* **WHAT YOU NEED TO DO**
An exact copy of the listing below is required, minus its pictures.

* **COLLECTED DATA**

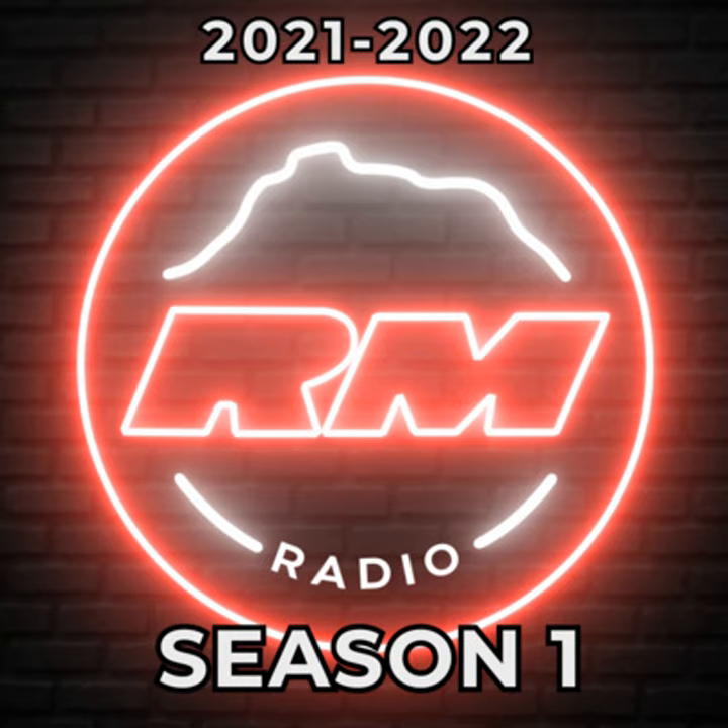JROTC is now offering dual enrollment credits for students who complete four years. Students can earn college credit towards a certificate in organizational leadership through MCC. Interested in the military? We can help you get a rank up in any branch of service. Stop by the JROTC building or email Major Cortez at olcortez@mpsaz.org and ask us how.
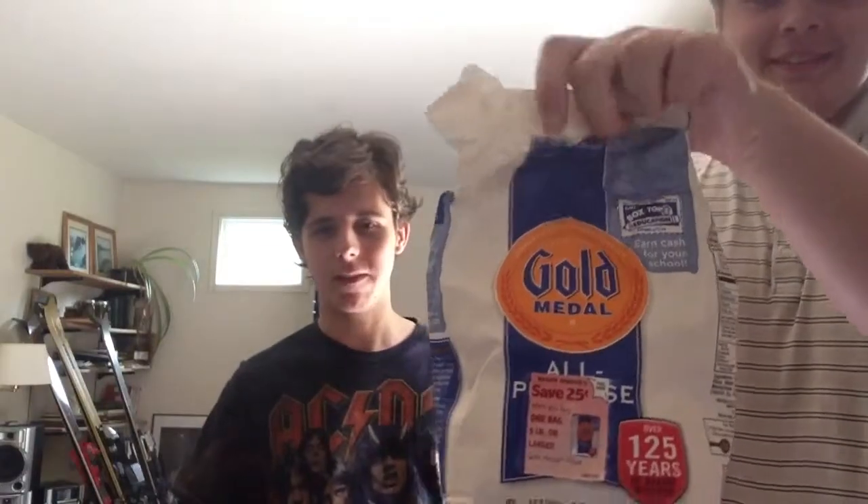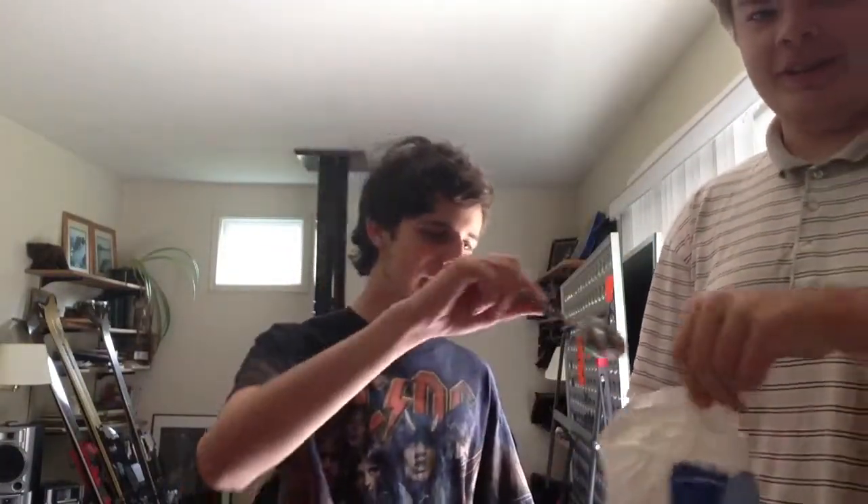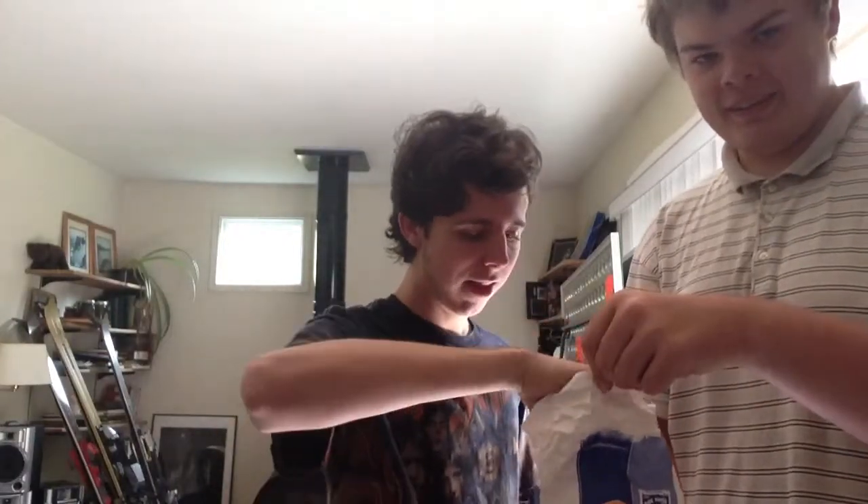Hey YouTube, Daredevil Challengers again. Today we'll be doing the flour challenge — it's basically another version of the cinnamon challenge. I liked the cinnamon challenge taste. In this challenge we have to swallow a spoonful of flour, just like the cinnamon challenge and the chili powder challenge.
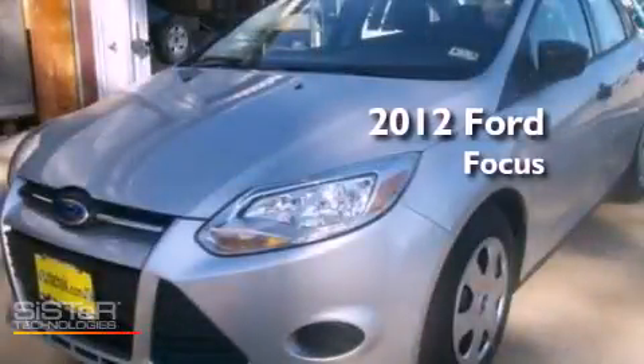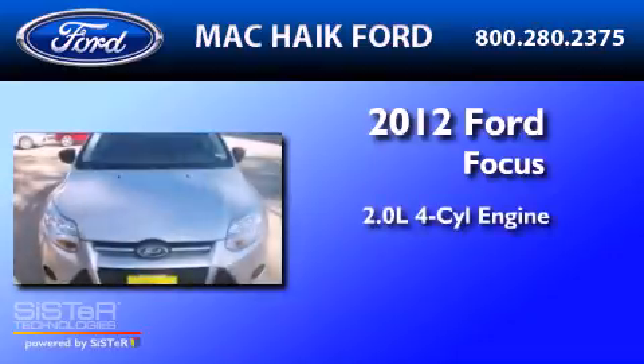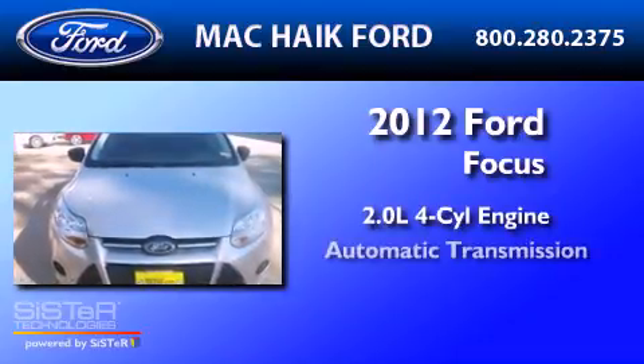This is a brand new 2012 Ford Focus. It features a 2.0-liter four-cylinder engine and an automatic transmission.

* **ANSWER SECTION**
JROTC is now offering dual enrollment credits for students who complete four years. Students can earn college credit towards a certificate in organizational leadership through MCC. Interested in the military? We can help you get a rank up in any branch of service. Stop by the JROTC building or email Major Cortez at olcortez@mpsaz.org and ask us how.
Hey YouTube, Daredevil Challengers again. Today we'll be doing the flour challenge — it's basically another version of the cinnamon challenge. I liked the cinnamon challenge taste. In this challenge we have to swallow a spoonful of flour, just like the cinnamon challenge and the chili powder challenge.
This is a brand new 2012 Ford Focus. It features a 2.0-liter four-cylinder engine and an automatic transmission.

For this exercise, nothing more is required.